Hi,
6 cores and 1 socket is you use a singel socket System.
With sockets you emulate a numa architecture and if you have non why emulate it.
If you have 2 sockets and your cpu has more than 6 Core/Threads per Socket use also 6 cores.
Thanks Wolfgang. I am interested to learn the logic behind these allocations as we have multiple Proxmox installations each with different configurations. The server I referred to above has 160GB in 10 X 16GB RDIMM. We allocate 32 GB to each Windows Server VM.
KVM are processes in your case 6 with total 32 GB Ram.
The kernel will try (and normaly this work) to keep this 6 thread on one Socket and the 32GB can stay on the RAM of this Socket.
But you should enable NUMA on the VM on this host. Then KVM is aware of this architecture.
It makes more sense to use 2 Sockets, if you have more threads or more RAM then one socket can handle.
Does this all mean that the optional VM CPU configuration is actually dictated by NUMA?
For example: as I have two CPUs each with 16 cores and 160GB RAM then each NUMA node will manage 80GB ram with 1 CPU and 16 cores. If I wished my VM to have more than 80 GB ram or more than 16 cores then I should introduce a 2nd CPU to add another NUMA node?
If this is correct then any VM under 80GB RAM and less than or equal to 16 cores only needs a single CPU.

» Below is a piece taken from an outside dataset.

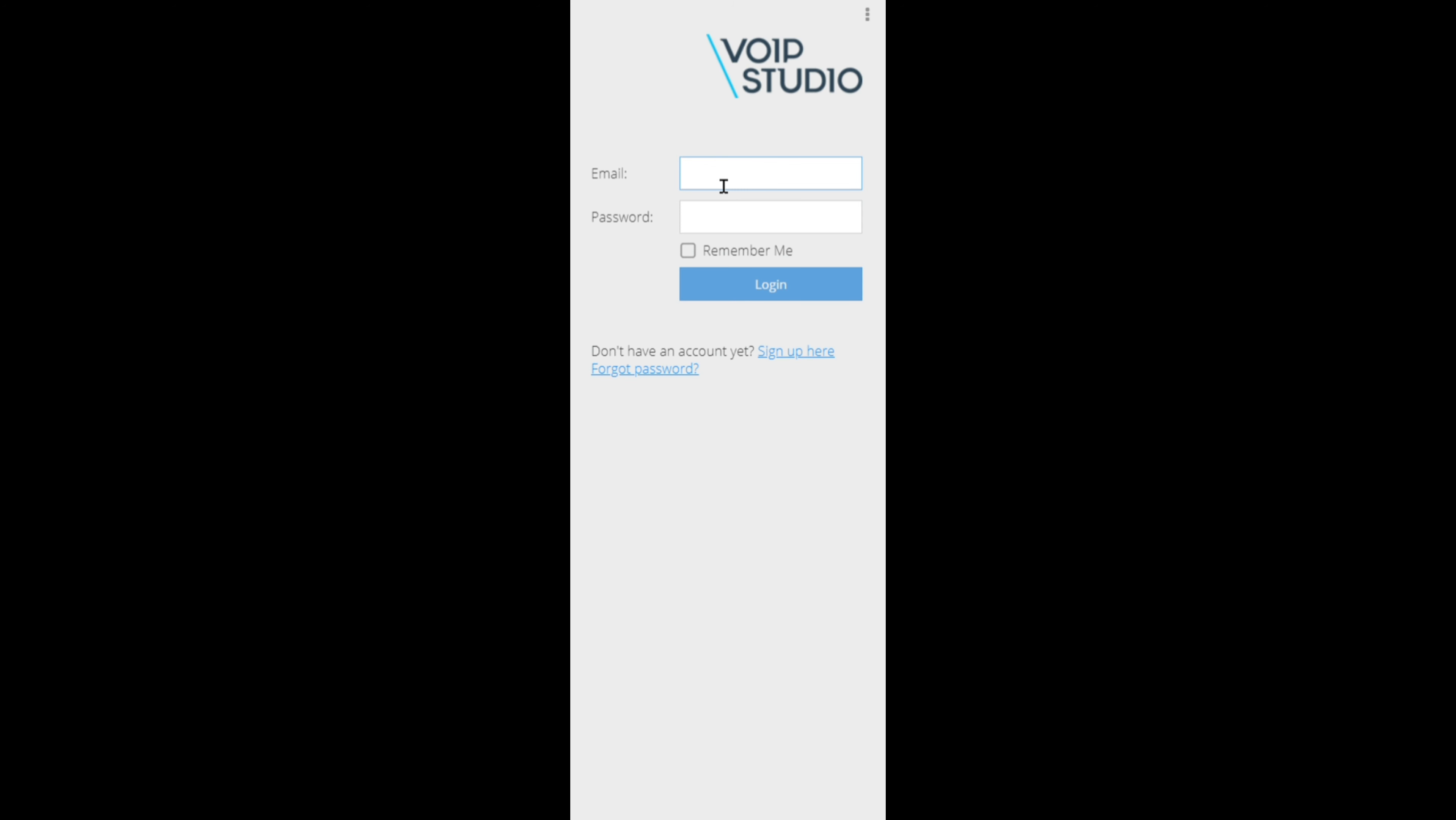You will then be prompted to enter an email address and password. Enter the email address you gave to the administrator and the default password that the administrator has sent to you. You will be able to change your password once you've logged in.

Presently I have 3 Windows VMs with 32GB each setup as 2X4, 4X4 & 2X4. I have attached a screenshot of the numactl -H & numastat, I see a lot of misses. Over the weekend I will reconfigure the VMs to be 1X8, 1X16 & 1X8 and see what difference that makes to numastat.
Having said all this I am unsure of how enabling NUMA with only a single CPU makes any difference?